Zing Forum

Reading

"Mental Imagery" of Multimodal Models: Does AI Really "Imagine" in Its Mind?

Studies have found that multimodal models form internal representations similar to human mental imagery when solving spatial puzzles. By integrating visual tokens into the chain of thought, the reasoning accuracy increases from 83% to 89%.

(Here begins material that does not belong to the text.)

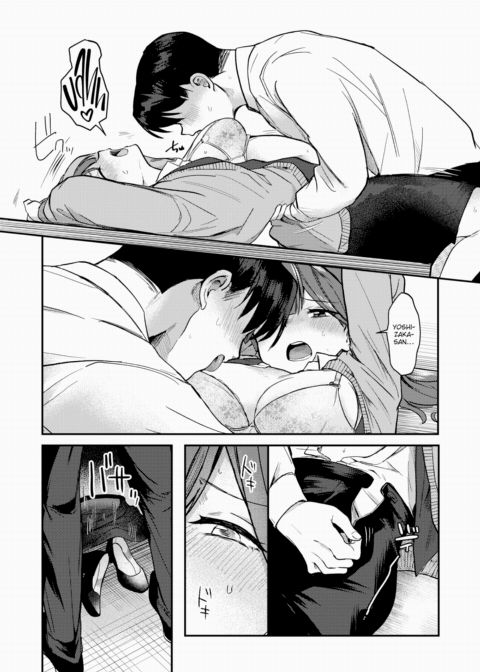 Mizuho-chan Enjoys Being Tied Up Chapter 1 page 16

多模态模型心智图景空间推理思维链视觉表征Qwen3.5
Published 2026-05-11 02:25Recent activity 2026-05-12 13:24Estimated read 7 min
"Mental Imagery" of Multimodal Models: Does AI Really "Imagine" in Its Mind?
1

Section 01

Introduction: Core Insights of the "Mental Imagery" Study on Multimodal Models

Title: "Mental Imagery" of Multimodal Models: Does AI Really "Imagine" in Its Mind? Core Insights Summary: Studies have found that large multimodal models form internal visual representations similar to human mental imagery when solving spatial puzzles. By integrating visual tokens into the chain of thought, the reasoning accuracy increases from 83% to 89%. This finding not only addresses the philosophical question of whether AI has human-like inner experiences but also provides a new perspective for improving model reasoning capabilities and understanding AI cognition.

2

Section 02

Background: Philosophical Inquiry into AI Cognition and the Origin of the Study

The monologue of Roy, the replicant in Blade Runner, raises a profound question: Do non-human intelligent agents have inner experiences similar to humans? The latest findings in the AI research field today provide a partial answer—large multimodal models do form internal representations similar to "mental imagery". When solving spatial puzzles, their neural network activations encode meaningful visual information, meaning AI is "imagining".

3

Section 03

Experimental Methods: Twelve Visual Reasoning Tasks and Open-Loop Supervision Design

The research team selected twelve visual reasoning tasks to test the spatial reasoning ability of multimodal models, covering classic puzzle types (tangram, jigsaw puzzle, Sokoban) and spatial transformation types (3D mental rotation, Hua Rong Dao). These tasks all require understanding geometric relationships, spatial layouts, and action consequences. The experimental subject was Qwen3.5 VLM, using an open-loop supervision approach: the model only needed to predict the action sequence without seeing the actual visual result at each step.

4

Section 04

Core Evidence: Visual Encoding in Model Activations and Formation of World Models

By analyzing the activation patterns of Qwen3.5 VLM after actions, the study found that the model's activations encode meaningful visual information of intermediate states. Even without explicit training to "imagine" intermediate states, the neural network naturally forms internal representations of the current state when predicting actions, similar to the visual images humans use when planning actions. This indicates that an imperfect visual world model forms as a byproduct of learning, without explicit visual supervision—similar to how human children build internal models of the physical world.

5

Section 05

Technical Breakthrough: Integrating Visual Tokens into Chain of Thought Improves Reasoning Accuracy

Based on the core findings, the research team proposed a method to integrate visual tokens into the chain of thought: at each step of reasoning, 16 internally generated visual tokens are integrated into the chain of thought. This improvement significantly enhanced performance: the average solving rate increased from 83% to 89%, with more obvious improvements in reasoning-intensive tasks such as jigsaw puzzles and 3D mental rotation. The reason is that it explicitly uses internal visual representations to assist spatial reasoning, similar to humans' strategy of "drawing diagrams".

6

Section 06

Significance Discussion: Dual Implications for Philosophy and Technology

This study has dual significance for philosophy and technology:

  • Philosophical implications: Mental imagery emerges naturally as a byproduct of learning, showing that complex cognitive abilities can be generated through powerful learning optimization; internal visual representations are useful information structures rather than noise; AI has developed human-like cognitive strategies, implying a universal approach for intelligent systems to solve spatial problems.
  • Technical implications: It opens a new direction for improving the reasoning ability of multimodal models (using internal visual representations); only 16 tokens are needed to efficiently enhance performance; analyzing internal activations provides a new tool for AI interpretability.
7

Section 07

Limitations and Future Directions

Current limitations of the study:

  1. The task scope is focused on spatial reasoning, and other types of reasoning have not been verified;
  2. Based on Qwen3.5 VLM, models of different scales may perform differently;
  3. The visual world model is imperfect, and its accuracy and robustness need further research.

Future directions:

  1. Expand task types to explore whether similar internal representations exist in other reasoning tasks;
  2. Develop technologies to visualize the model's "mental imagery";
  3. Design methods to actively guide and optimize the formation of internal representations;
  4. Study similar internal representations in other modalities such as auditory and tactile.